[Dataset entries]
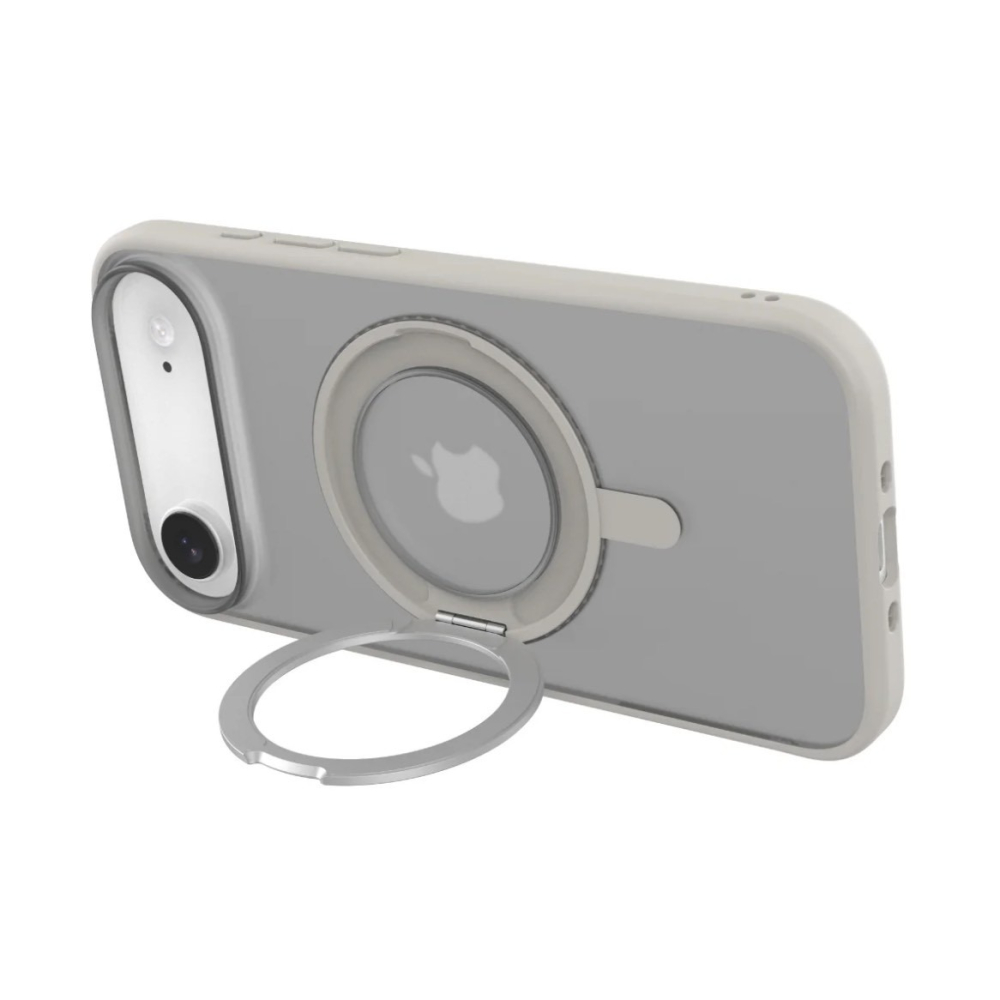 solide 索力得 RINGO 360度磁環支架保護殼 iPhone 17 系列-細節圖11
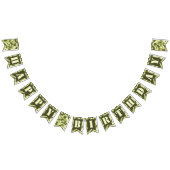 Gelukkige Verjaardag Banner in Groene Camo (Alle)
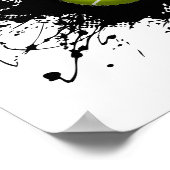 Tennis Urban Style ポスター (角)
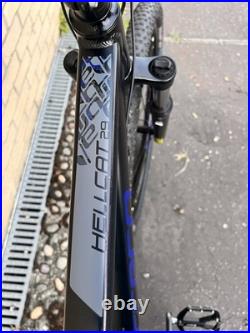 Men's Carrera Hellcat 29inch Wheels Medium Frame Mountain Bike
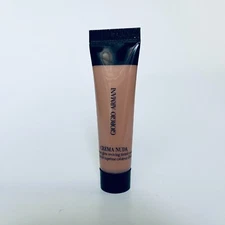 Giorgio Armani Crema Nuda #04 Medium Glow Tinted Cream Travel size 0.5 oz/ 15ml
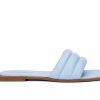 Flat Sandals | * Women'S Olivia Miller Indigo Sandals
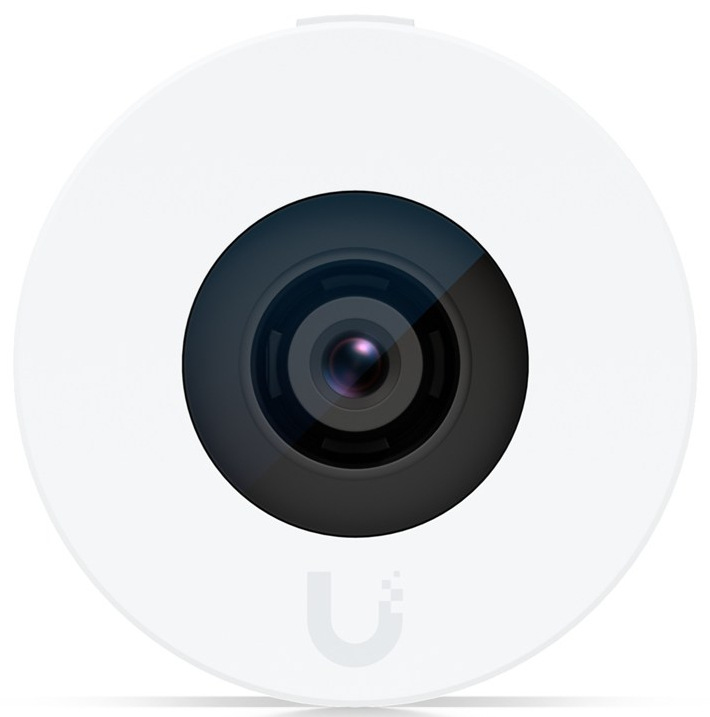 Ubiquiti UniFi AI Theta Long-Distance Lens, biela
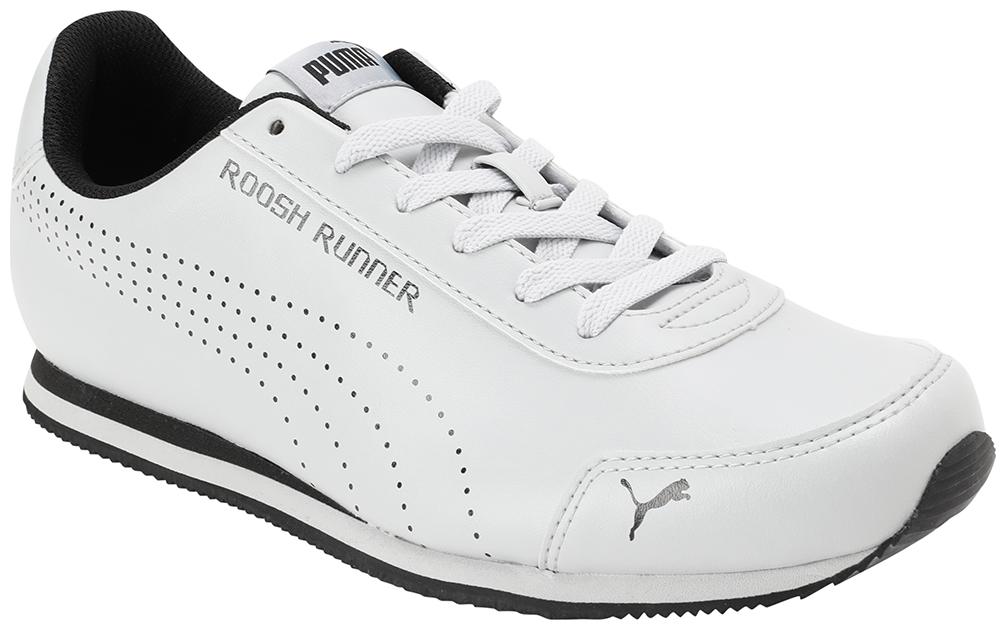 

Puma Men Roosh Runner v2 IDP Running Shoes ( Grey )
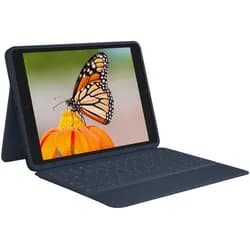LOGITECH Rugged Combo 3 for iPad Gen. 7/8 - CLASSIC BLUE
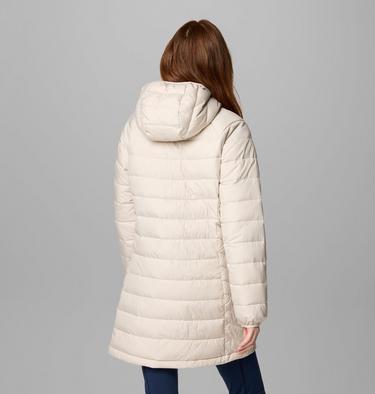 Veste Isolée Powder Lite II Mid Femme, Color: Dark Stone, image 6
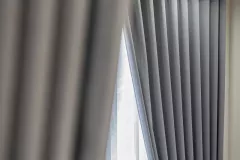 ม่านลอนมองจากห้องนอน 03 @ The President สุขุมวิท-สมุทรปราการ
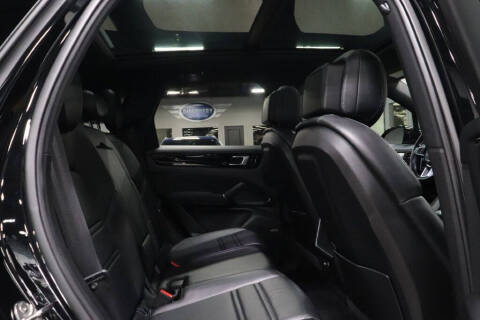 2021 Porsche Cayenne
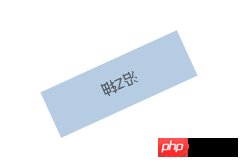 教你玩转CSS3的3D效果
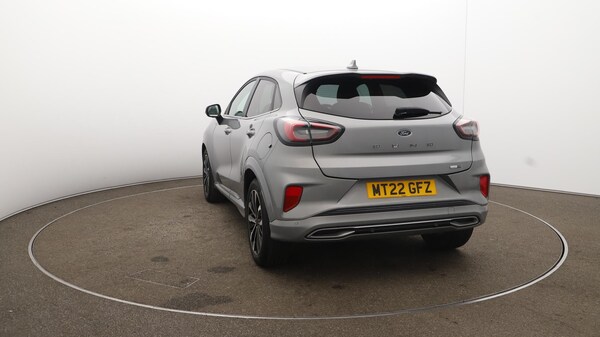 Used Ford Puma 2022 for sale - 76314585: Photo 62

### Brief
With pictures omitted, reproduce exactly the lines from the line containing "Giorgio Armani Crema" through the end of the data above.

### Output of the task
 Giorgio Armani Crema Nuda #04 Medium Glow Tinted Cream Travel size 0.5 oz/ 15ml
 Flat Sandals | * Women'S Olivia Miller Indigo Sandals
 Ubiquiti UniFi AI Theta Long-Distance Lens, biela

Puma Men Roosh Runner v2 IDP Running Shoes ( Grey )
LOGITECH Rugged Combo 3 for iPad Gen. 7/8 - CLASSIC BLUE
 Veste Isolée Powder Lite II Mid Femme, Color: Dark Stone, image 6
 ม่านลอนมองจากห้องนอน 03 @ The President สุขุมวิท-สมุทรปราการ
 2021 Porsche Cayenne
 教你玩转CSS3的3D效果
 Used Ford Puma 2022 for sale - 76314585: Photo 62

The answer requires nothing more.